Wednesday, April 16, 2025

Retro: God, Circumcision, and Scrabble with the Chief Magistrate -posted 28/8/08

 God, Circumcision, and Scrabble with the Chief Magistrate

Posted: 28/8/08

Yesterday's entry was a spontaneous reaction to a moment of mini-satori—an awakening of sorts—sparked by the final pages of The God Delusion by Richard Dawkins. His thoughts and arguments around religion and belief triggered a deep reaction in me, stirring up my own internal archives of experiences and reflections on faith.

Almost my entire adult life has been a struggle between accepting or denying the existence of God—or Gods. Early on, I dismissed the latter after being introduced to Homer and Greek mythology, the tales of Zeus and his celestial soap operas, followed by the Norse sagas of Odin and his kin. I then wandered through the complex Hindu pantheon, which to me has long confounded even the devout. The elaborate rituals, sacrificial traditions, and dogmatic fervor, all in the name of religion, have historically brought about suffering for the masses. In this respect, I agree with Dawkins: if there is a God, it must be a construct of a highly evolved, sick mind—one bent on control through religiosity.

So I made a vow—to commit whatever time I had to seeking a deeper understanding of God and religion. I promised myself that I would search for answers honestly, no matter where they might be found.

I grew up a Buddhist, surrounded by Muslim relatives. I attended both Buddhist Sunday school and Islamic classes, studied the Qur'an, and joined Friday prayers. Religion, for me, became a source of ridicule and alienation. In primary school, I was called kapiak—a derogatory term for "kafir"—because my teachers exempted me from Islamic classes under instructions from my uncle, the man who had adopted me.

Even as a child, I sensed I was headed for a profound internal conflict—a spiritual collision between the two major religions tugging at my soul. That collision happened when one of my aunties had me circumcised alongside a cousin of mine. I was around twelve years old.

That single event forever altered my childhood. I began to hate anything associated with God and religion. I was too young and frightened to express how I truly felt, so I kept up appearances.
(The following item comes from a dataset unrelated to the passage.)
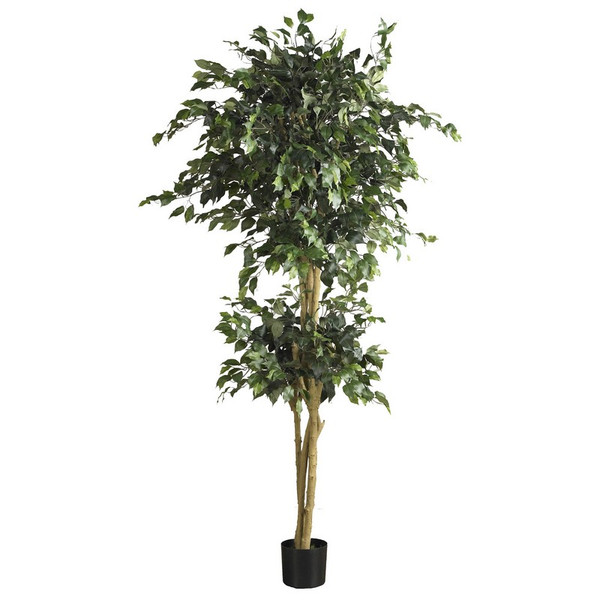 6 Double Ball Ficus Tree W 1596 5268 By Nearly Natural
I learned to hide and compartmentalize—so the Muslim part of me didn’t discover what the Buddhist part was up to. I feared ridicule and rejection. I followed the adults’ decisions about my faith, but inwardly, I was raging.

I remember vividly the evening my uncle told me that I was to return to live with my immediate family in Kuala Terengganu. We were sitting on the esplanade wall at Padang Kota Lama in Penang. That was the first time I saw him cry—his tears falling from the pain of having to let me go. All in the name of religion.

I held that against God. Against the Buddhas and the Deities. Against my teachers, family, friends—anyone who had ever told me that there was a God, a compassionate being. I was done. Poisoned by childhood traumas, I remember one night raising my middle finger at the stars and screaming into the void: “Fuck you!”

I wasn’t just an atheist. I mocked God from the depths of my soul. I was young. I was angry. I was ignorant—but I wasn’t stupid.

And yet, as it happens in life, there are people who become catalysts for transformation.

Mine came in the form of my martial arts instructor—Pa’Cik Abu Johan—who was also the head of the Religious Department of Terengganu in the 1960s. He and his family took me in, mentored me, and helped me make sense of who I was. Through Silat Seni Gayung, and long nights of Scrabble, we discussed religion, politics, women, and life. He was a well-rounded man of deep knowledge—he thought like an Englishman and taught like a Mahaguru.

It was under his guidance, and through his unconditional love, that I slowly began to untangle myself from the knots of hatred and delusion. Through him, I met others who helped shape me—magistrates, police chiefs, and yes, even the late Sultan of Terengganu, Tuanku Sultan Ismail Nasseruddin Shah, grandfather of the current King. I was occasionally his golf caddie. We would talk while walking the course. From him, I learned early on about destiny, class, and the nature of power.

I was still a teenager, but I was beginning to be pulled back from the edge.

There were many such individuals who showed up in my life just when I needed them most. Their compassion helped me heal. Their presence reminded me that I mattered.

By the time I finished secondary school, I had begun to accept myself. The fog was lifting. I was less confused, less angry, and more in control of my emotions. That’s when I made the decision to embark on a lifelong quest for truth—not only to understand religion, but to discover my own Dharma, my own relationship with God.

That journey would take me across the globe, into many lives, libraries, temples, mosques, retreats, and taverns. I took God by the beard and the Devil by the horns.

Yes, at one point I was even known as The Cheeseburger Buddha.